The Federal Communications Commission has adopted new rules banning malicious caller ID spoofing of text messages and foreign calls. These new rules will close a loophole in the law that prevented the agency from pursuing scammers sending spoofed text messages and international fraudsters making spoofed calls to Americans.
The Truth in Caller ID Act of 2009 prohibits anyone from causing a caller ID service to knowingly transmit misleading or inaccurate caller ID information (“spoofing”) with the intent to defraud, cause harm, or wrongly obtain anything of value. However, until passage of the RAY BAUM’S Act last year, the Truth in Caller ID Act did not extend to text messages or international calls. The new rules extend these prohibitions to text messages, calls originating from outside the United States to recipients within the United States, and additional types of voice calls, such as one-way VoIP calls.
Fraudsters working in overseas call centers often pretend to be calling from trusted organizations and use pressure tactics to deceive and defraud American consumers of money and personal information. Caller ID spoofing is used in these cases by the scammers to make their phone number appear to match the organization they are pretending to represent.

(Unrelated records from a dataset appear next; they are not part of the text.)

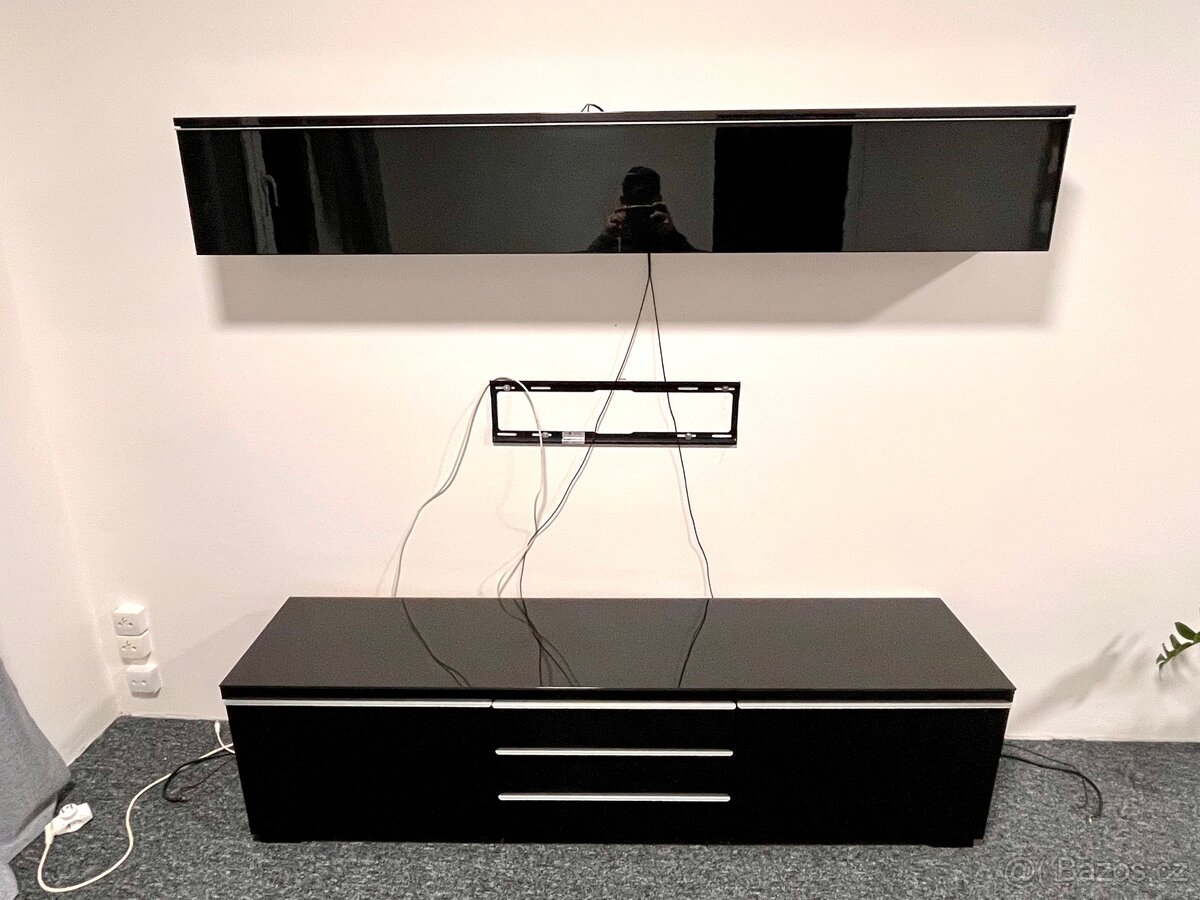 Obývací stěna ( MDF + Sklo ) - 2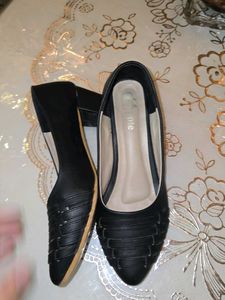 black pump heel sandals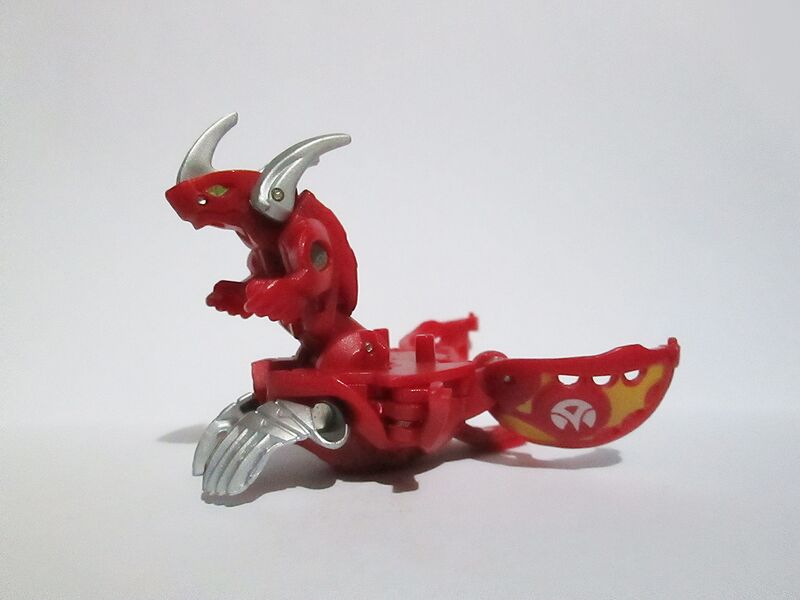 File:KeithStrife Pyrus LuminoDragonoid Wave5.JPG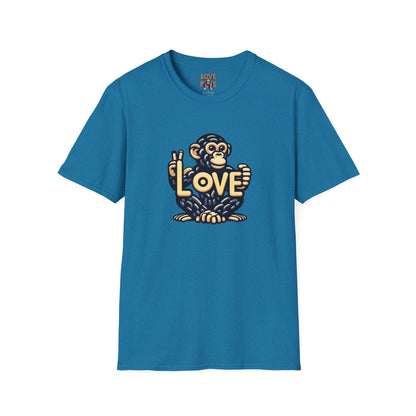 T-shirt - Funky & Stylish Love Monkey Design, Casual Wear for Trendy Fashion Lovers, Perfect Gift for Friends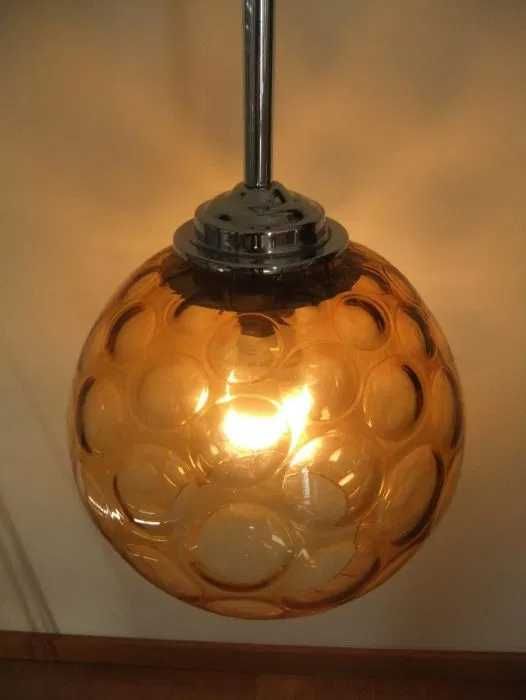 Candeeiro de teto antigo globo vidro castanho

The FCC’s new rules will prohibit such malicious spoofing from foreign robocallers.
The new rules will allow the agency to bring enforcement actions against bad actors who spoof text messages and those who seek out victims in this country from overseas. As more than 40 state attorneys general told the Commission in May, “The proposed rule changes would broaden the authority of the Commission to hold these criminals accountable for the significant harm they inflict on U.S. consumers. As State Attorneys General on the front lines fighting these scammers, we are acutely aware that many of these calls are coming from criminals, located overseas, utilizing caller ID spoofing, and we are also seeing more scams being perpetrated via text message, as contemplated in the RAY BAUM’S Act.”
These new rules are the latest in the FCC’s series of recent efforts to combat malicious caller ID spoofing. In 2018, the Commission issued the largest fines in its history for violations of its caller ID spoofing rules. The agency has also pushed the phone industry to implement a caller ID “authentication” framework called SHAKEN/STIR this year. This effort included a July 2019 SHAKEN/STIR Robocall Summit, during which stakeholders discussed next steps toward implementation of these network improvements. And in June 2019, the Commission adopted a Further Notice of Proposed Rulemaking which laid the groundwork to mandate implementation of SHAKEN/STIR if major voice service providers fail to do so by the end of this year.
As part of its multi-pronged approach to protecting American consumers from malicious caller ID spoofing and unwanted and illegal robocalls, the Commission has also empowered service providers to offer robocall blocking services by default and authorized the creation of a database to reduce calls to reassigned numbers.
Action by the Commission August 1, 2019 by Second Report and Order that (FCC 19-73). Chairman Pai, Commissioners O’Rielly, Carr, Rosenworcel, and Starks approving. Chairman Pai, Commissioners O’Rielly, Rosenworcel, and Starks issuing separate statements.
FCC Chairman Pai said in a statement:
In the first half of this year alone, the FCC received more than 35,000 consumer complaints about caller ID spoofing. Whether it’s neighborhood spoofing, which makes it look like an incoming call is from a local number, or spoofing the number of a company or government agency that consumers know and trust, scammers continue to hide behind spoofed numbers to deceive and defraud American consumers out of money and personal information. And as a bipartisan coalition of more than 40 state attorneys general has warned, spoofing fraud is by no means limited to traditional phone calls made from within the United States.